Preço baixo ameaça o negócio de grãos

13/08/2014 11:41

 

A queda dos preços das commodities (matérias-primas cotadas em bolsa) agrícolas no mercado internacional está batendo no bolso dos agricultores, que dependem cada vez mais de subvenções do Estado para manter as contas equilibradas. O elevado custo Brasil — especialmente, o da logística de escoamento dos grãos — impede que haja uma redução nos gastos. Com o retorno em queda, a única saída para alguns setores produtores, como o de milho, vem sendo recorrer aos leilões estatais. Para o governo, contudo, a corda está esticando: 2015 promete ser um ano com mais necessidade de economia e menos fôlego para incentivos. Apesar disso, dizem especialistas, há esperança — para o setor e para a balança comercial, cujo destino ganha uma dose maior de incerteza sem o pilar dos produtos básicos.

“Existe um crescimento da oferta mundial de grãos, fazendo com que as commodities voltem aos preços praticados anteriormente. A tendência é de continuidade nessa trajetória de redução, com os preços equilibrando-se nesse patamar mais baixo”, afirmou o coordenador do Centro de Agronegócio da FGV-SP, João Roberto Rodrigues. Segundo ele, no entanto, a troca de sanções entre Rússia e Estados Unidos, por conta da crise da Ucrânia, deu novo ânimo ao cenário das exportações brasileiras. “O episódio envolvendo Rússia e Estados Unidos abre caminho para as exportações brasileiras de carnes, o que pode levar a um crescimento expressivo da demanda interna por grãos, tanto milho como soja, de forma a compensar a queda no preço das commodities”, acrescentou.

Outro indicador importante é que, apesar do cenário de menor retorno, até o momento os produtores não se mostraram desestimulados para o plantio de 2015. “As vendas de fertilizantes vem crescendo. Isso significa que haverá um aumento da área plantada”, afirmou Rodrigues. “Até agora os dados indicam nova safra recorde”, disse.

O momento, contudo, é de preocupação. Segundo os últimos dados do Ministério do Desenvolvimento, Indústria e Comércio Exterior (Mdic), os preços do milho, por exemplo, registraram queda de 21,2% em julho deste ano em relação ao mesmo mês do ano passado. A Companhia Nacional de Abastecimento (Conab) vai realizar no dia 20 de agosto um leilão de subvenção para sustentação de preços para 1,05 milhão de toneladas de milho da safra 2013/14. O leilão de Prêmio Equalizador Pago ao Produtor Rural ou sua Cooperativa (Pepro) será destinado a agricultores de Mato Grosso, Mato Grosso do Sul e Goiás. O Pepro é um mecanismo usado em momentos de preços baixos, em que o produtor recebe do governo a diferença entre o valor recebido na comercialização do produto e o preço mínimo oficial.

Os agricultores ou cooperativas participantes do sistema poderão vender para avicultores, suinocultores ou bovinocultores, para a indústria de ração, para avicultura e suinocultura ou ainda para comerciantes. Na semana passada, o governo federal liberou R$ 500 milhões para Pepros de milho da safra atual. Os recursos serão suficientes para o escoamento de 7 milhões a 10 milhões de toneladas do cereal, dependendo da disputa durante os leilões.

A realização de leilões, entretanto, tem um limite. “Temos os Estados Unidos nos observando atentamente, por conta do contencioso do algodão, e esperando que o Brasil troque o pé.
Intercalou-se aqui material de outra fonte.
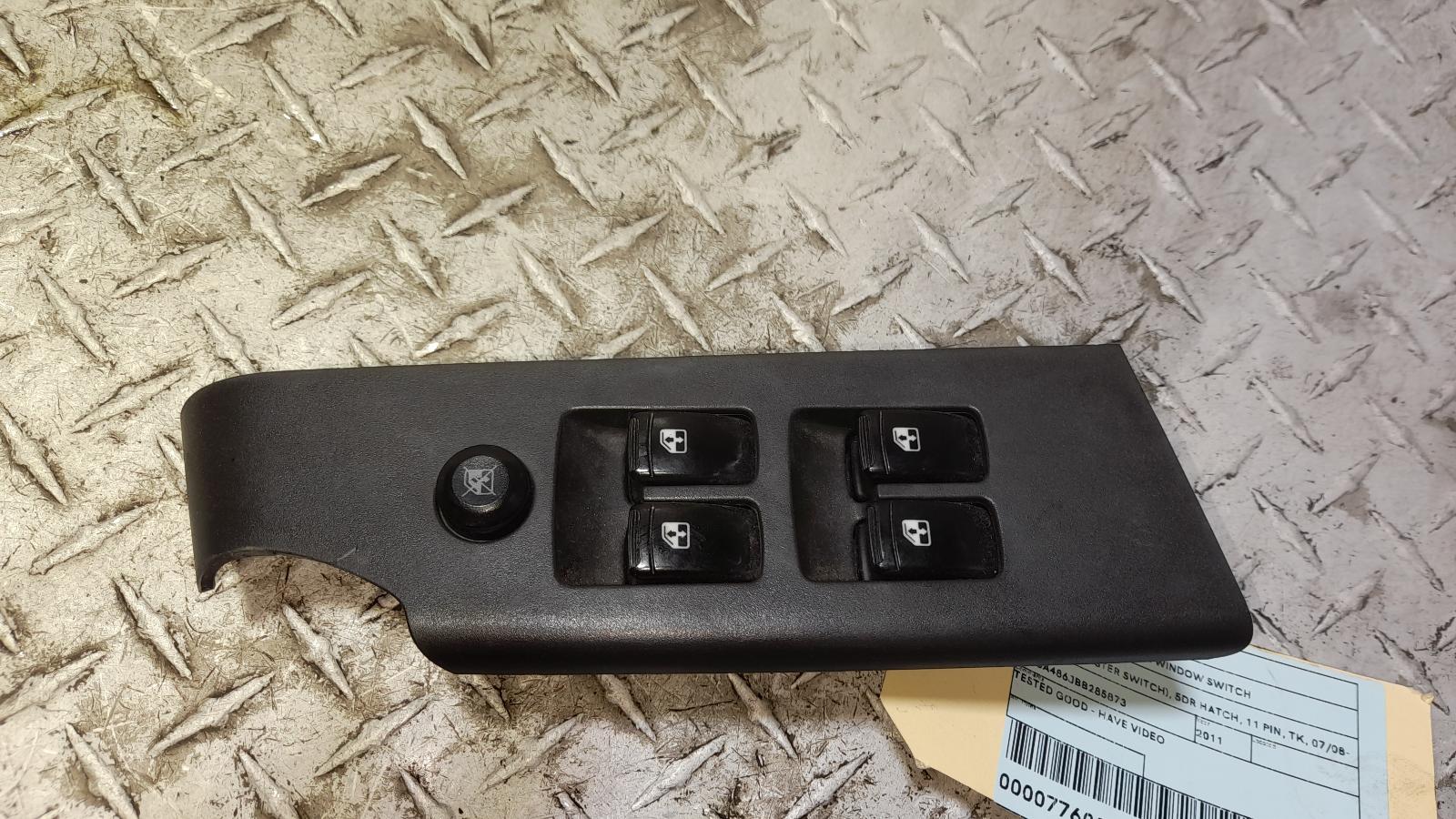 View Auto part Pwr Dr Wind Switch Holden Barina 2011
Não podemos utilizar demais essas subvenções”, afirmou o presidente da Associação de Comércio Exterior do Brasil (AEB), José Augusto de Castro.
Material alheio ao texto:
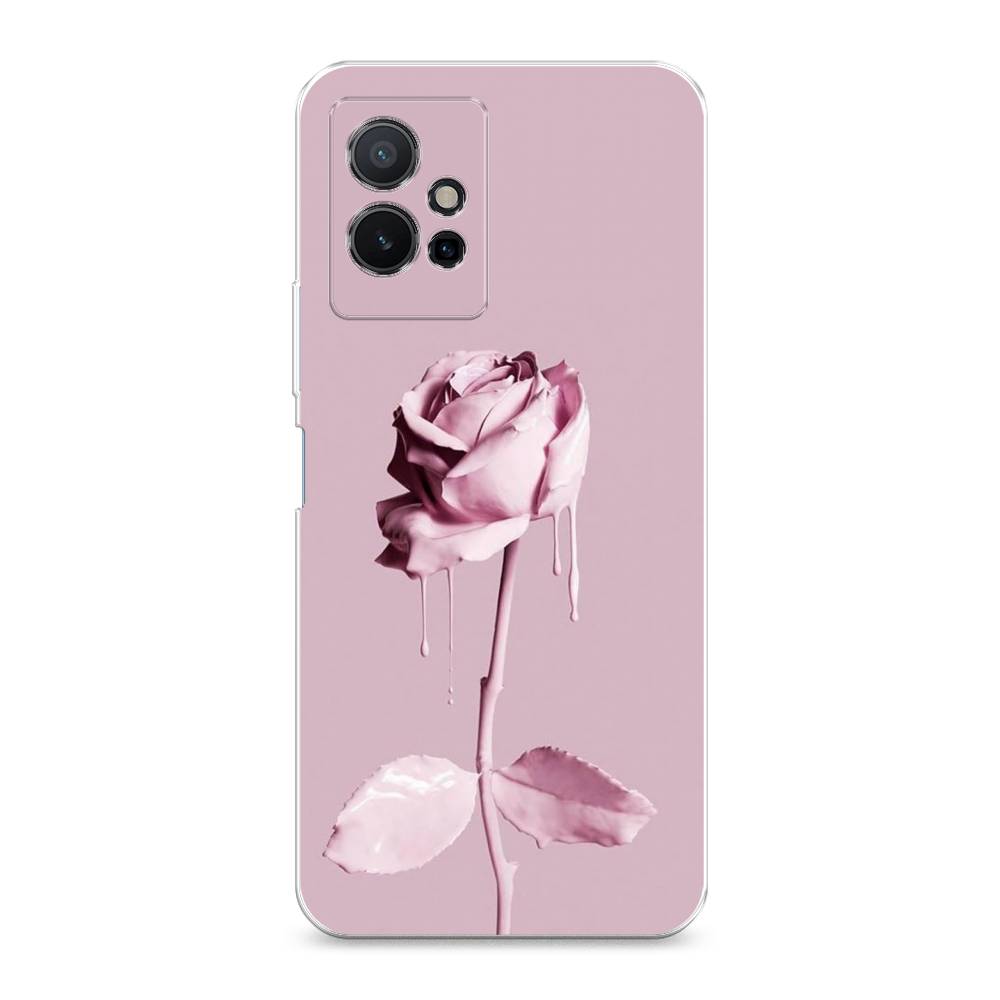 

Чехол Awog на Vivo Y75 5G "Роза в краске", Разноцветный, 266250-8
E a medida também não resolverá o problema, que é estrutural, segundo especialistas. “É importante que os leilões aconteçam, mas o importante é que seja feita uma revisão na política de geração de renda no campo, especialmente, com uma reforma do seguro rural e do financiamento”, disse Rodrigues, que, no entanto, mantém-se otimista. “Há hoje uma tendência de que os termos de troca piorem, mas não acho que vão piorar, porque há sinais positivos também”, considerou.

O consultor Welber Barral também não vê um cenário tão sombrio. Segundo ele, a previsão é de que os preços das commodities se estabilizem no patamar atual pelos próximos três ou quatro anos e, em proporção, os produtos básicos podem até aumentar o seu peso na balança comercial. Mas não por um bom motivo: “É provável que o peso das commodities agrícolas até aumente na balança, porque a produção industrial está em queda”.